When I first saw this post, I thought it would be a spam ad for Flomax or a treatment option for erectile dysfunction.


----------



## ns450f (Aug 28, 2018)

I am at work right now and I accidentally sharted in my new pants. I am hoping Lindsay in the cubicle next to me doesn't smell or notice the hershey squirt slowly dribbling down the back of my calf before I go home for the day. 

This is a very challenging situation.


----------



## 2full (Apr 8, 2010)

I'm retired recently, relaxing, and enjoying life like I never have been able to before. 

Who gives a ****


----------



## bowgy (Oct 10, 2007)

I want to be like 2ful


----------



## Bax* (Dec 14, 2008)

makes me think of this story (sorry for the pic of a page, but it makes a great point)

I have observed many dissolutioned people over the years and I believe happiness is a choice to a certain extent.

We can choose to roll with the punches or kick up our legs and die.

I choose to be happy.


----------



## Critter (Mar 20, 2010)

2full said:


> I'm retired recently, relaxing, and enjoying life like I never have been able to before.
> 
> Who gives a ****


And you will learn that the longer that you are retired the more you will wonder just why you didn't do it sooner. 

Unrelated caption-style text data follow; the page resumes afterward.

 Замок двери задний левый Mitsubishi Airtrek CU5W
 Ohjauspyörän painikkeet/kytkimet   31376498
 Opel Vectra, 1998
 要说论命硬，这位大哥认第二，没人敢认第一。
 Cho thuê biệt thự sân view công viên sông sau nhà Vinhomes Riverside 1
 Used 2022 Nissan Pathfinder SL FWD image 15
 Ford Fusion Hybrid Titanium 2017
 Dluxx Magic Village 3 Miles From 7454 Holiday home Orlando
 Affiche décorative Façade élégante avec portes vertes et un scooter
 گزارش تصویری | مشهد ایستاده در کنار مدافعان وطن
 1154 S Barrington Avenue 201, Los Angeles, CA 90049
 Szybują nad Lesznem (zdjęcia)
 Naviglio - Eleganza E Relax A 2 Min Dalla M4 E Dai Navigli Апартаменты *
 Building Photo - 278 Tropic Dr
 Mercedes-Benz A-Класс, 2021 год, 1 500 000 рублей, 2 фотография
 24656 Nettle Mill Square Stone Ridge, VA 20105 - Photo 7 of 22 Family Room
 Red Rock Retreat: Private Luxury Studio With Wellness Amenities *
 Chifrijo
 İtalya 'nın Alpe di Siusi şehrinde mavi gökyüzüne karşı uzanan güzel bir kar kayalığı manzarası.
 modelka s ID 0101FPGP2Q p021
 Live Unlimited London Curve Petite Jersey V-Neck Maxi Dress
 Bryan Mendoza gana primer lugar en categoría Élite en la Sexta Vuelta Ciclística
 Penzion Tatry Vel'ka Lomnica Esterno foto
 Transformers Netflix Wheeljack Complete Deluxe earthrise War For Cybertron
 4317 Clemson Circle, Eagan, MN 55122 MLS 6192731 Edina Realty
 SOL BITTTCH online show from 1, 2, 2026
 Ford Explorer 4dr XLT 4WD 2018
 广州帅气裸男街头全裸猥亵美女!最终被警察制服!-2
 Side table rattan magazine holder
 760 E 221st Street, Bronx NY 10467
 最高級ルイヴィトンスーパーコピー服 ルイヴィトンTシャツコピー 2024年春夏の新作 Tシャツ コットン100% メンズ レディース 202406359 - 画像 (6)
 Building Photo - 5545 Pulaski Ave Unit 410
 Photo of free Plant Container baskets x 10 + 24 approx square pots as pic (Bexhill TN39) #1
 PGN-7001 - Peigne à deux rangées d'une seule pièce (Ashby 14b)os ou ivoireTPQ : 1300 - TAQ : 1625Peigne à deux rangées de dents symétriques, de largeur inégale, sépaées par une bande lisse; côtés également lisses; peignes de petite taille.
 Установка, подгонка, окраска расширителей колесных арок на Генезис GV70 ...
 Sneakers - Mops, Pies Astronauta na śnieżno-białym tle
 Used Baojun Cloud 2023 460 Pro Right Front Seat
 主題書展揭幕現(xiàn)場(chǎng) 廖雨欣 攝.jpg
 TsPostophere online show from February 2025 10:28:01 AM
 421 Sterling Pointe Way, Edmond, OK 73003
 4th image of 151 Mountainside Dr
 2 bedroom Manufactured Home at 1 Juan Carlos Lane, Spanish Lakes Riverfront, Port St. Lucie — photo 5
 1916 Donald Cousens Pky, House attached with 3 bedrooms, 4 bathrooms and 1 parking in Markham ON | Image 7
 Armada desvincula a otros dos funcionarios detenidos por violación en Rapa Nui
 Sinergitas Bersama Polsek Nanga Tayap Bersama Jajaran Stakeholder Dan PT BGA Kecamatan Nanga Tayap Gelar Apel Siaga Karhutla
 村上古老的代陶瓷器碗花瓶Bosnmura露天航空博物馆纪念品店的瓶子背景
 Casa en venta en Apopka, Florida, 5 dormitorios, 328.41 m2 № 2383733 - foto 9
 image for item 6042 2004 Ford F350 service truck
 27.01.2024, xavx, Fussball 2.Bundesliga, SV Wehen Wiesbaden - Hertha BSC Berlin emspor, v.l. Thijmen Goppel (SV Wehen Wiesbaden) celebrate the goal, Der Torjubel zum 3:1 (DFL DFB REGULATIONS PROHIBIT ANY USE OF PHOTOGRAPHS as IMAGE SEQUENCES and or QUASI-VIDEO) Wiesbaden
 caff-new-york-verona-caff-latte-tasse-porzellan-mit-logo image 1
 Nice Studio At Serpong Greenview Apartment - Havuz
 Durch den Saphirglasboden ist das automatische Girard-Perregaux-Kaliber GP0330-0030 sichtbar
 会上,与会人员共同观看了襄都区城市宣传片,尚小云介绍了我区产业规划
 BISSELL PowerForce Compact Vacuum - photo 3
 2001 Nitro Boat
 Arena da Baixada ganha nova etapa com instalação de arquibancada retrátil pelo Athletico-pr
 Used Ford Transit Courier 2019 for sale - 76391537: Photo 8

My motto anymore is There is always tomorrow, but if there is no tomorrow what does it matter.


----------



## Bax* (Dec 14, 2008)

Critter said:


> My motto anymore is There is always tomorrow, but if there is no tomorrow what does it matter.


Dont forget that life is like a roll of toilet paper. The closer you get to the end, the faster it goes.

Enjoy the time you have!


----------



## Critter (Mar 20, 2010)

Bax* said:


> Dont forget that life is like a roll of toilet paper. The closer you get to the end, the faster it goes.
> 
> Enjoy the time you have!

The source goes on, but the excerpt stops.